DESCRIPTION (provided by applicant): Silymarin, an extract of milk thistle seeds, prevents liver injury and disease progression in many animal models. Recent clinical studies indicate that silymarin also reduces hepatitis C viral load and progression of hepatitis C liver disease in humans. If we are to understand and exploit the full value of this natural product, we must understand how silymarin protects the liver, which has not been clearly elucidated. In our NCCAM-funded R21, we discovered that silymarin blocks hepatitis C virus (HCV) infection and have since defined the stages of the HCV lifecycle that are blocked by silymarin. We have isolated and evaluated the 8 major components of silymarin in hepatoprotection assays that measure antiviral, antioxidant, and anti-inflammatory functions. This proposal will use two parallel approaches to discover the mechanisms of action of silymarin. Specifically, we will identify the physiological target(s) of silymarin components that confer hepatoprotection in the forms of antiviral, antioxidant, and anti-inflammatory activities. Our hypothesis is that silymarin components interact with mammalian biomolecules in a specific and productive manner to cause changes in signal transduction and gene expression in a cell to protect the liver. We will address the hypothesis in two specific aims that will 1) identify transcriptional changes using microarrays of liver cell lines and primary hepatocyte cultures treated with silymarin and silymarin-derived pure compounds, 2) identify and validate cellular targets of silymarin compounds using chemical proteomics. By examining silymarin-induced gene regulation and elucidating cellular targets of silymarin, this application is intentionally responsive to RFA-AT-11-001. At the end of the funding period, we anticipate that we will know the cellular targets of silymarin and how silymarin causes changes in a cell at a systems biology level, thereby providing the first detailed explanation of how silymarin protects the liver. The novel data emanating from this research project are expected to pave the way for identification of biomarkers of silymarin treatment and efficacy, as well as guiding refinements in silymarin- based natural product treatments for liver disease.
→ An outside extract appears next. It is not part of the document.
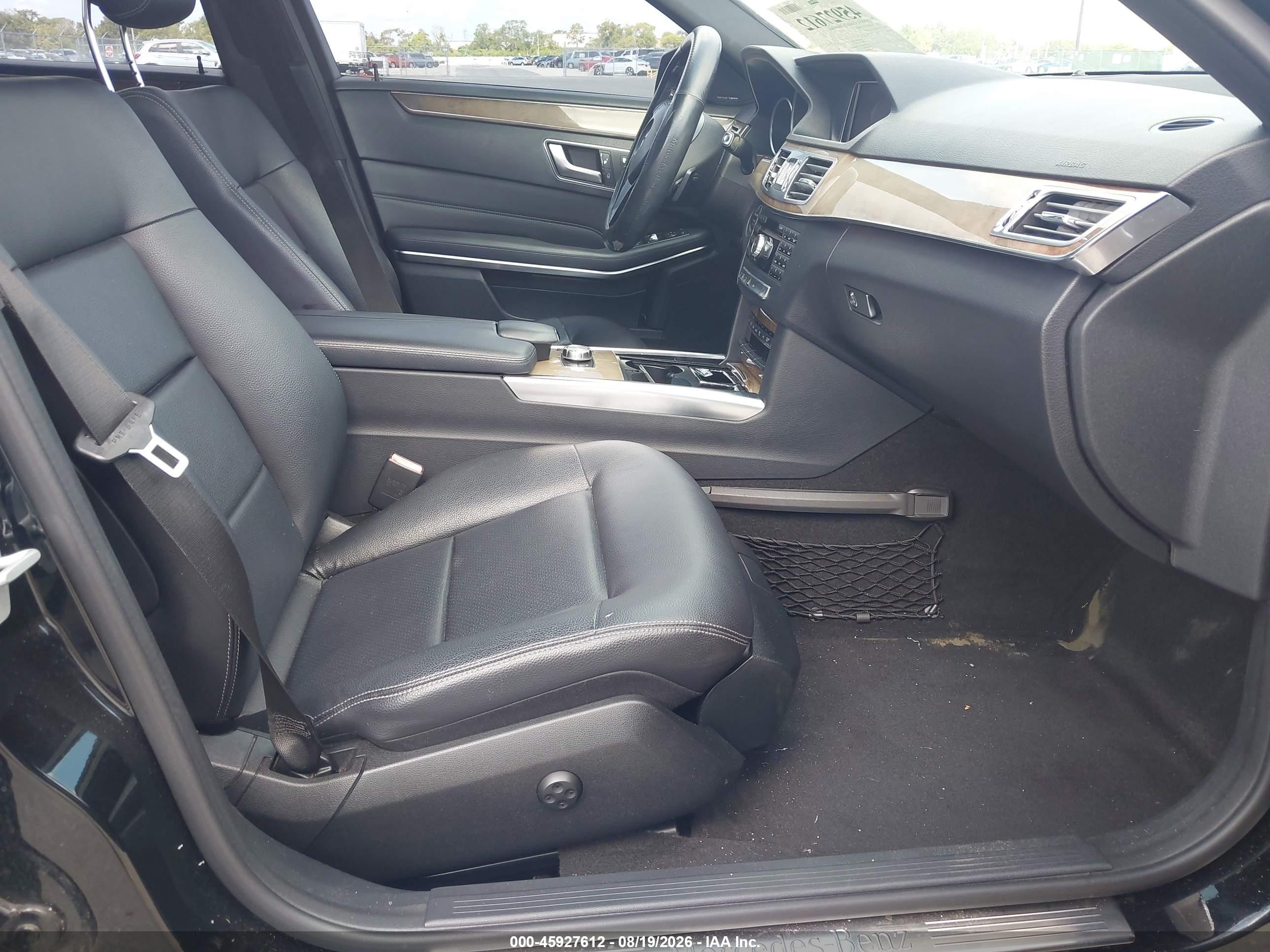 2014 Mercedes-benz E 350   Black vin: WDDHF5KBXEA805511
描述(申请人提供)：水飞蓟素，一种牛奶蓟种子的提取物，在许多动物模型中防止肝脏损伤和疾病进展。最近的临床研究表明，水飞蓟素还可以减少人类丙型肝炎病毒载量和丙型肝炎肝病的进展。如果我们要理解和开发这种天然产品的全部价值，我们必须了解水飞蓟素是如何保护肝脏的，这一点还没有明确阐明。在我们由NCCAM资助的R21中，我们发现水飞蓟素可以阻止丙型肝炎病毒(丙型肝炎病毒)的感染，并定义了被水飞蓟素阻止的丙型肝炎病毒生命周期的各个阶段。在衡量抗病毒、抗氧化和抗炎功能的保肝试验中，我们分离并评估了水飞蓟素的8种主要成分。这项提议将使用两种平行的方法来发现水飞蓟素的作用机制。具体地说，我们将确定水飞蓟素成分的生理靶点(S)，这些成分具有抗病毒、抗氧化和抗炎活性的保肝作用。我们的假设是水飞蓟素成分与哺乳动物生物分子以一种特定和多产的方式相互作用，导致细胞中信号转导和基因表达的变化，从而保护肝脏。我们将在两个特定目标中解决这一假设：1)使用水飞蓟素和水飞蓟素衍生纯化合物处理的肝细胞系和原代肝细胞培养物微阵列确定转录变化；2)使用化学蛋白质组学识别和验证水飞蓟素化合物的细胞靶标。通过检查水飞蓟素诱导的基因调控和阐明水飞蓟素的细胞靶点，这一应用有意地响应RFA-AT-11-001。在资助期结束时，我们预计我们将知道水飞蓟素的细胞靶点以及水飞蓟素如何在系统生物学水平上引起细胞变化，从而首次详细解释水飞蓟素如何保护肝脏。这一研究项目产生的新数据有望为水飞蓟素治疗和疗效的生物标记物的鉴定铺平道路，并指导水飞蓟素天然产物治疗肝病的改进。